SUPPLIED MATERIAL:
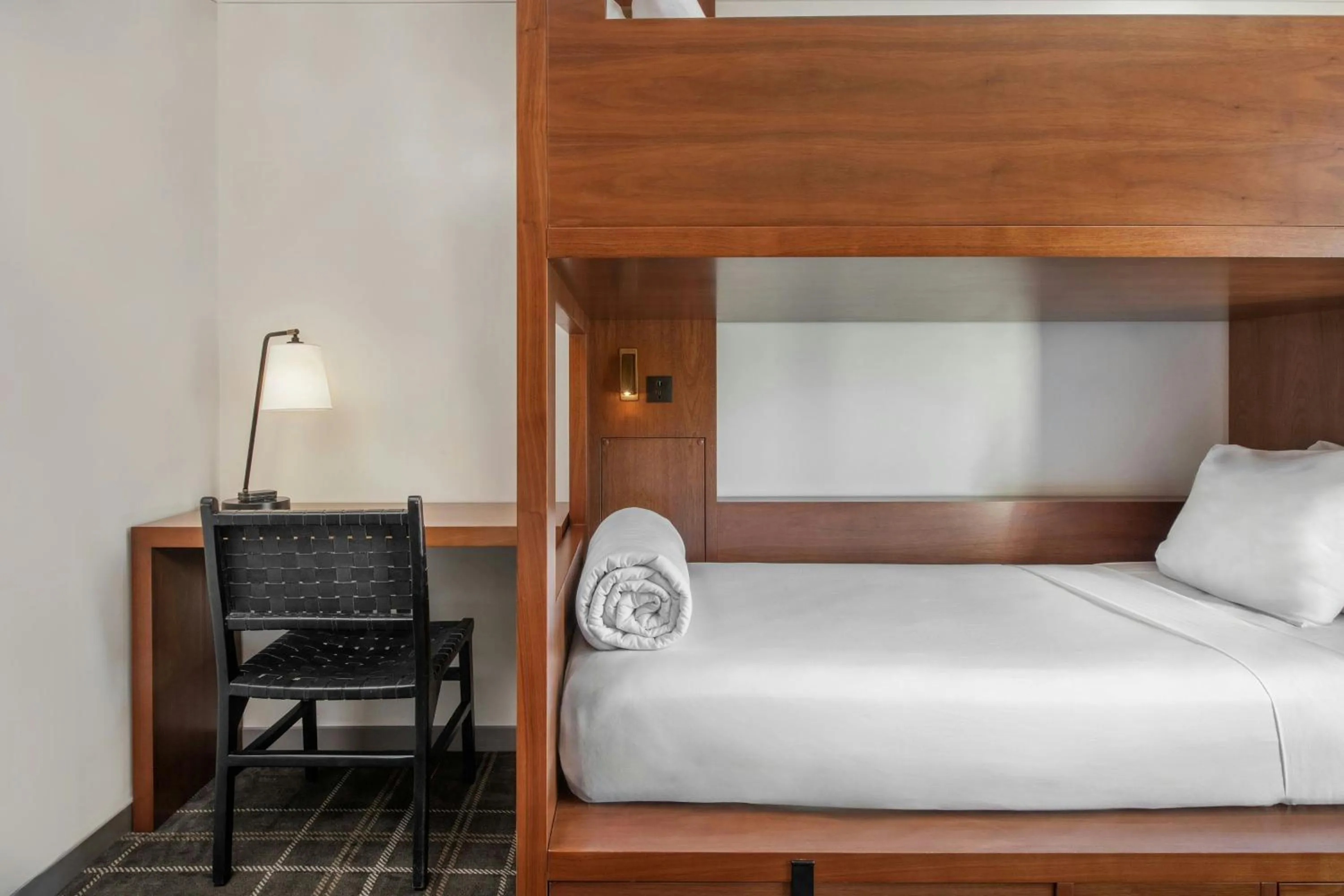 Photo of the whole room, Bed in FOUND Hotel, Santa Monica, Series by Marriott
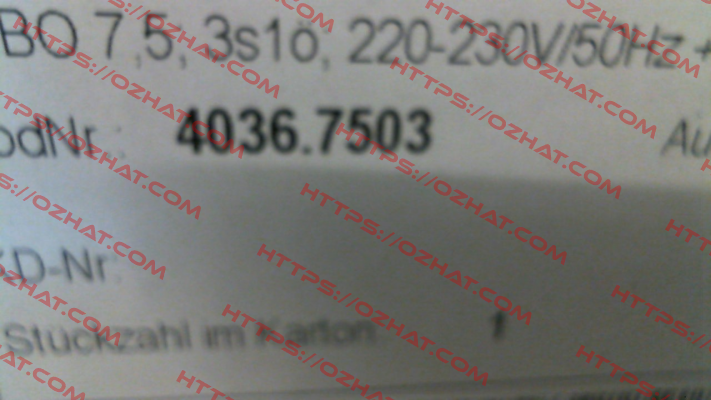 40367503 Klinger Born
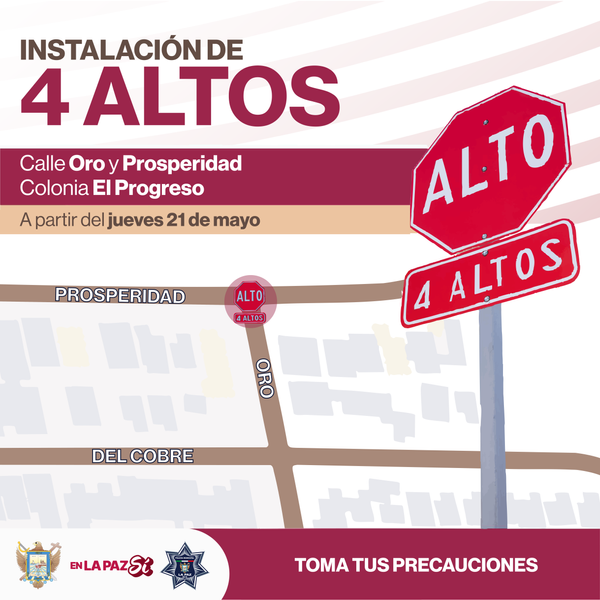 Habilitarán nuevo crucero de cuatro altos en El Progreso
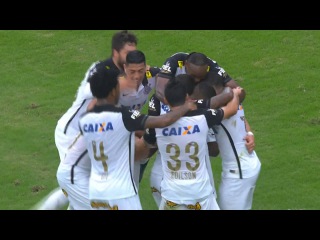 Gols de Atlético-PR 1-4 Corinthians - Brasileirão 2015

TASK INSTRUCTIONS: Leave out the pictures; repeat the data exactly.

RESULT:
 Photo of the whole room, Bed in FOUND Hotel, Santa Monica, Series by Marriott
 40367503 Klinger Born
 Habilitarán nuevo crucero de cuatro altos en El Progreso
 Gols de Atlético-PR 1-4 Corinthians - Brasileirão 2015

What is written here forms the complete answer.